In considering economic policy in situations where multiple goals must be pursued, the rules of Jan Tinbergen and Robert Mundell provide theoretical guidelines (note).

1) Tinbergen's rule: Achieving a multiple number of independent policy targets requires an equal number of policy instruments.
2) Mundell's rule: Each policy instrument should be assigned to a policy target on which it has greatest relative effect.

Let's say that a country is pursuing full employment (internal equilibrium) and equilibrium in the balance of international payments (external equilibrium) under the fixed exchange rate regime. According to Tinbegen's rule, to simultaneously achieve these two goals, the country needs to implement two policy instruments: fiscal policy and monetary policy. And the most effective way to do this would be to assign the fiscal policy as a means to achieve internal equilibrium and the monetary policy external equilibrium as stipulated by Mundell's rule.

Presently, China is pursuing two goals: macroeconomic stability and the protection of inefficient companies and industries. According to Tinbergen's rule, these two goals cannot be achieved simultaneously through foreign exchange policy alone; another policy instrument is needed. Meanwhile, based on Mundell's rule, such foreign exchange policy should be assigned to achieve macroeconomic stability and such issues as income disparities and structural problems should be solved through institutional reform.

Certainly, China is facing a very serious unemployment problem. In addition to a large redundant labor force in the rural areas, the number of unemployed in the urban population is rising due to the restructuring of state-owned enterprises. However, these problems are structural in nature and not attributable to macroeconomic changes, i.e. a shortfall in demand. Also, agriculture and state-owned enterprises, in neither of which China has a comparative advantage, would be forced to scale down when exposed to competition. From the viewpoint of efficiency, capital, land and human resources currently trapped in such inefficient companies and industries should be transferred to efficient sectors. This would improve the efficiency of the overall economy and upgrade the industrial structure. To help those who lost jobs amid the industrial adjustments, the government should employ more direct and effective measures such as reinforcing the social security system and supporting job training programs, rather than resorting to foreign exchange policy.

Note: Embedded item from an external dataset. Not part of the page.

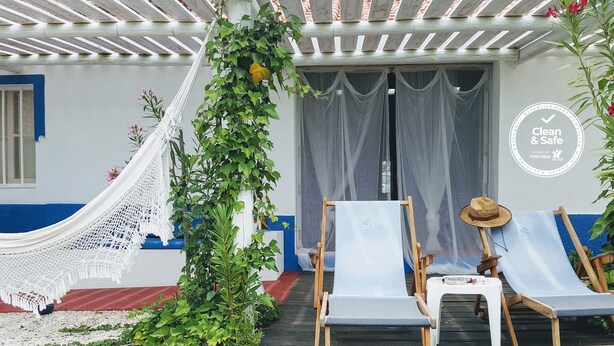 A covered outdoor seating area with two lounge chairs, a hammock, and a sign indicating 'Clean & Safe' and 'Portugal'.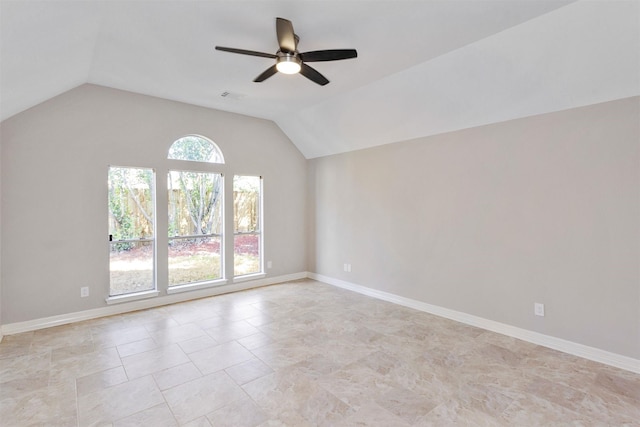 unfurnished room featuring visible vents, vaulted ceiling, and baseboards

In the first place, if foreign exchange policy were the optimal policy option to solve the ongoing "structural unemployment," the Chinese authorities should not have been satisfied merely with resisting the pressure for a revaluation of the yuan; they should aggressively devalue it. In reality, however, foreign exchange policy is a tool to help stabilize the macroeconomy. Pressing to use it as a means to generate employment would be at the expense of the primary target of the policy.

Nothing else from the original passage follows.